Review: Butchers Blind – Play for the Films (Paradiddle, 2011)
Butchers Blind – Play for the Films (Paradiddle, 2011)
This Long Island trio dropped a few demo tracks in 2009 (reviewed here), promoting the catchy “One More Time” into a single and attracting some local attention. They’ve returned with a full album that leans on both their alt.country and rock roots. The Wilco influence is strong (unsurprising, given the band is named after one of Wilco’s lyrical creations), and Pete Mancini’s voice favors the reediness of Jeff Tweedy; but there’s also a melancholy in his delivery that suggests Chris Bell, and a soulful bottom end in the rhythm section that gives the band plenty of rock flavor. Mancini’s latest songs were inspired by travel journals kept by his father, as well as his own cross-country travels. From the opening “Brass Bell” you can feel the wanderlust, the urge to blow town, the expectation of the journey ahead and the confidence of someone young enough to enjoy (or at least react to) the moment.

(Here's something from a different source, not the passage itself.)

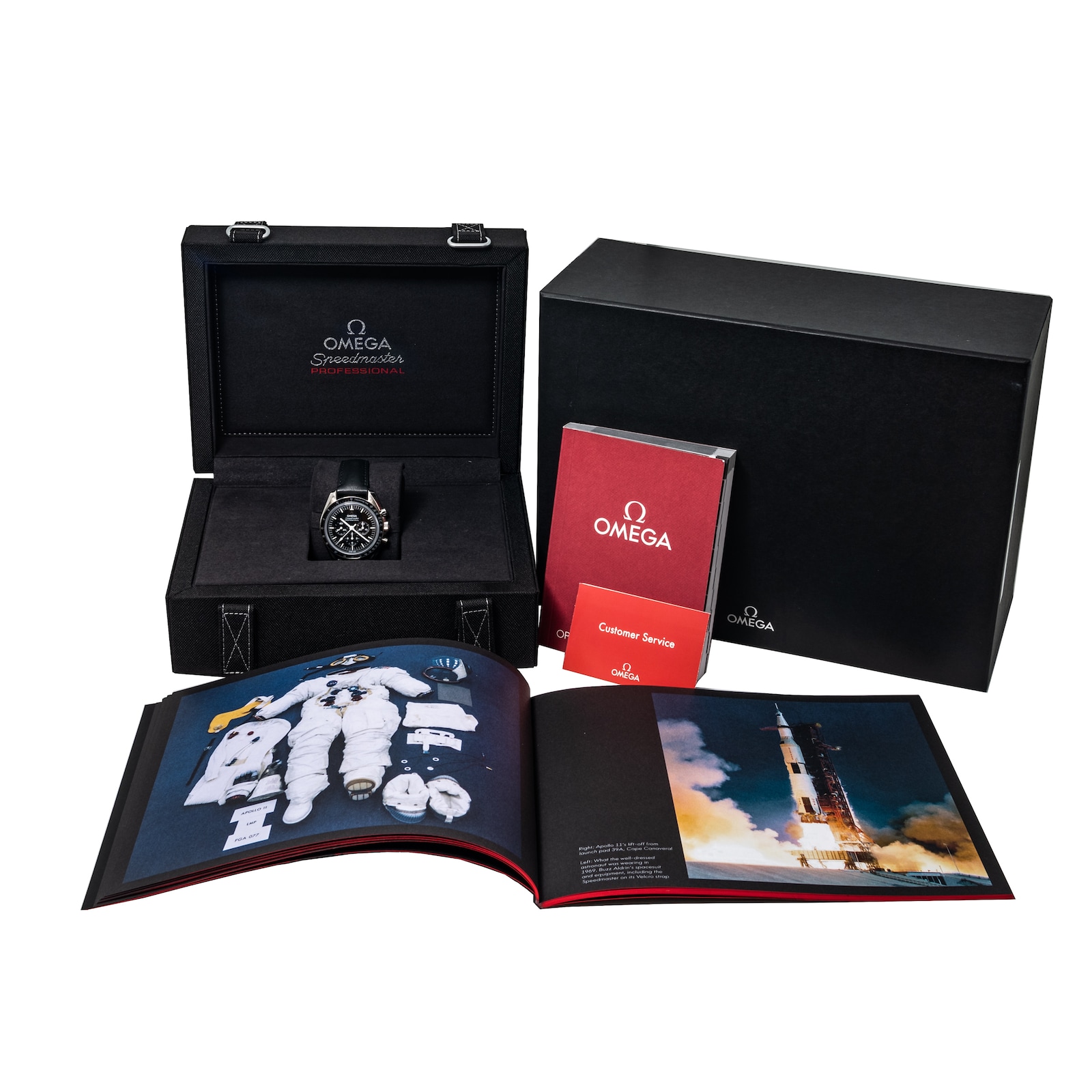 Pre-Owned Omega Speedmaster Professional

The previously released “One More Time,” is repeated here at a faster tempo, adding a measure of urgency to the road’s opportunities and challenges. There’s discord and difficult choices, and emotional dead-ends magnified by the relentless closeness of travel. Communication shuts down, relationships split, and roundtrips don’t always end in the same emotional spot they began. The album tips its hat to Steve Earle, as “Highway Song” opens with the signature guitar riff of “Devil’s Right Hand,” but where Earle’s early work, especially Guitar Town, pictured small town inhabitants dreaming of escape, Mancini’s protagonists are looking back from the road. The album closes with “Never Changing Thing,” a letter home filled with the growing realization that a return trip may not be in the cards. It’s a fitting end to an album of emotional changes wrought by physical travel, and physical changes wrought by emotional travel.